![]() |
parsing comment tag - Printable Version +- Python Forum (https://python-forum.io) +-- Forum: Python Coding (https://python-forum.io/forum-7.html) +--- Forum: Web Scraping & Web Development (https://python-forum.io/forum-13.html) +--- Thread: parsing comment tag (/thread-7709.html) |
parsing comment tag - ian - Jan-22-2018 I am trying to parse a webpage with python 3.6.2 with BeautifulSoup4. What I need is to retrieve the text of news headlines that are in comment tags (<!-- .. -->). such as on https://ca.finance.yahoo.com/quote/GOOG/news?p=GOOG Are there any sample codes ? Thanks.
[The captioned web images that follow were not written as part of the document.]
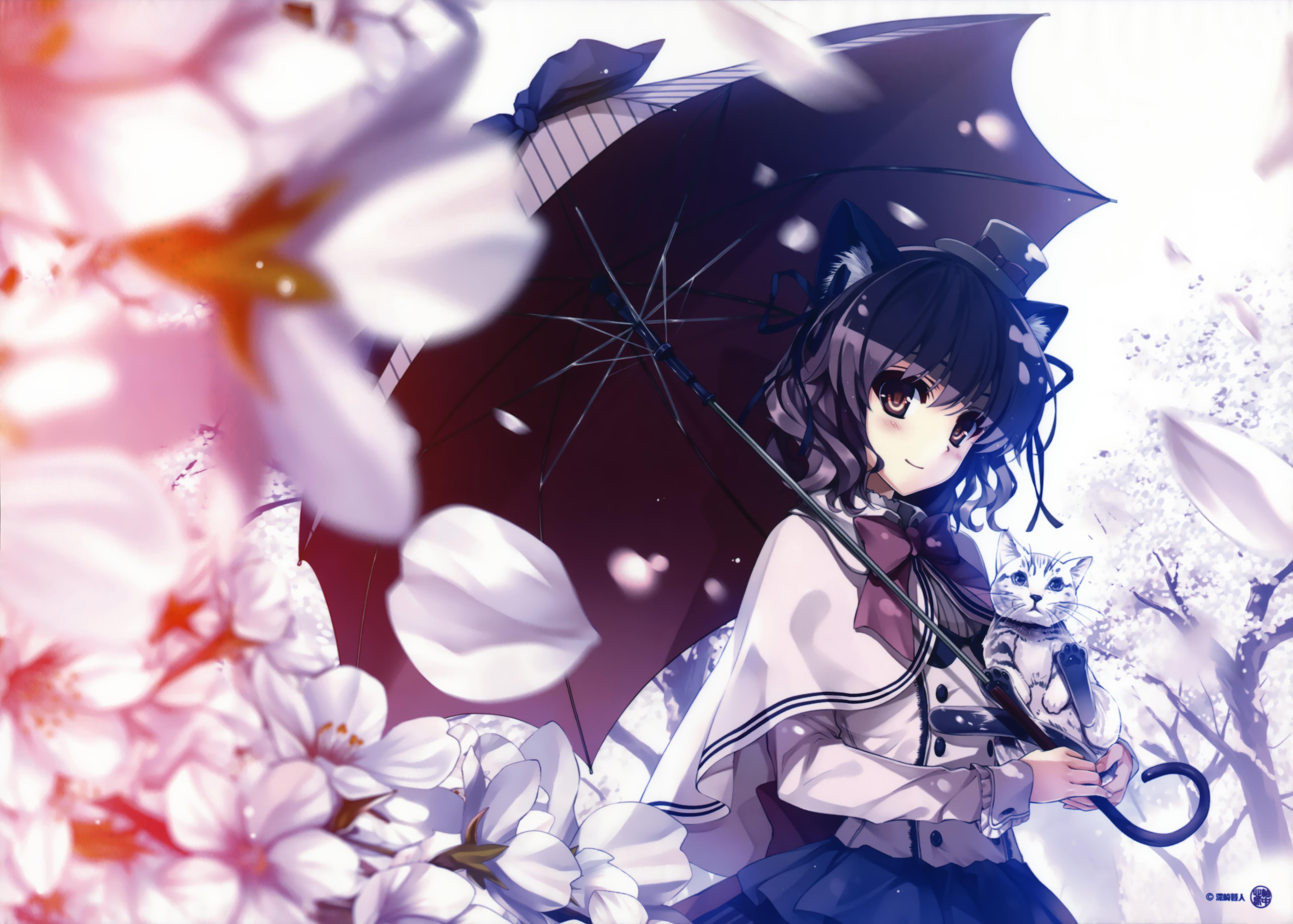 Free download wallpaper Anime, Flower, Cat, Umbrella, Original, Blush, Purple Eyes, Purple Hair, Bow (Clothing) on your PC desktop
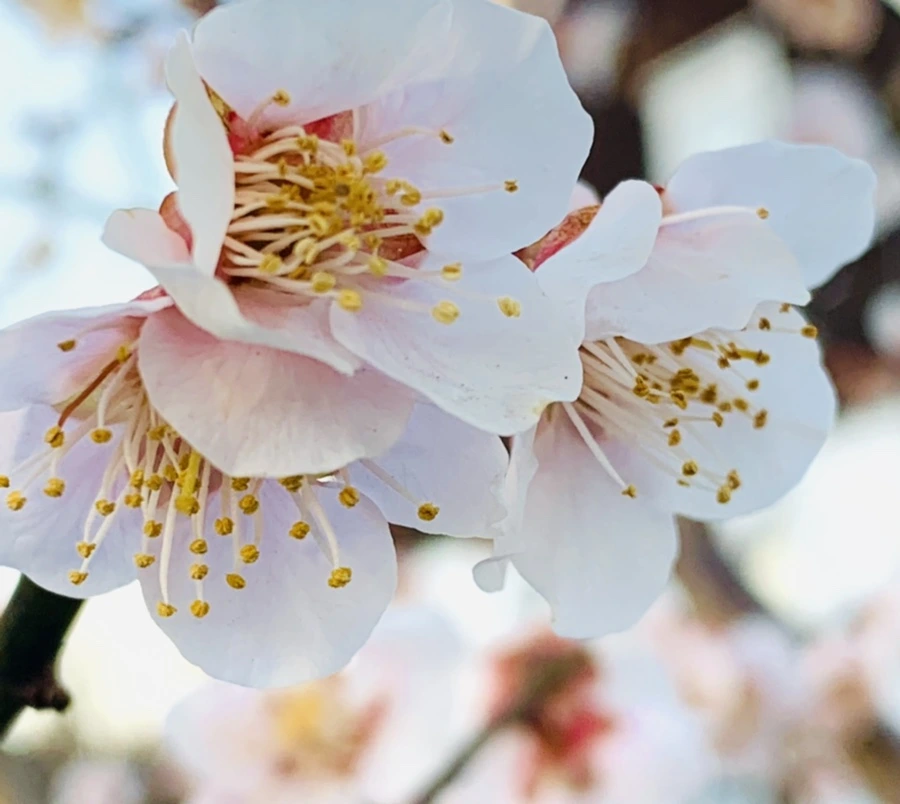 IMG_2247.jpg?type=w966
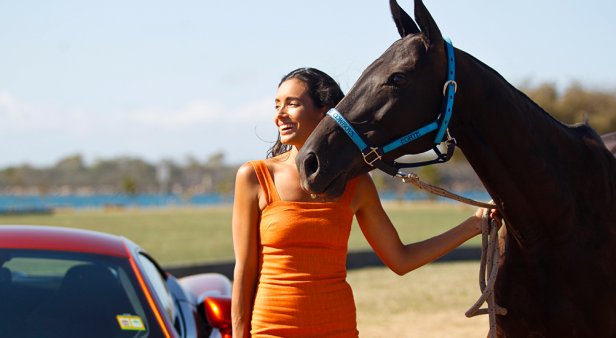 Polo by the Sea 2019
RE: parsing comment tag - snippsat - Jan-22-2018 What have you tried? Here a hint <!-- react-text: 226 --> So news are generated be JavaScript using React. Can BeautifulSoup alone parse JavaScript? The answer is no ![]() Search this forum for Selenium, there are many examples using it alone or together with BeautifulSoup. RE: parsing comment tag - Larz60+ - Jan-22-2018 You should take a look at: http://meumobi.github.io/stocks%20apis/2016/03/13/get-realtime-stock-quotes-yahoo-finance-api.html Especially the legal parts. Looks like it's OK to extract the dta so long as it's not for commercial use., but not otherwise. But it does give some basic information on extracting what you are interested in. |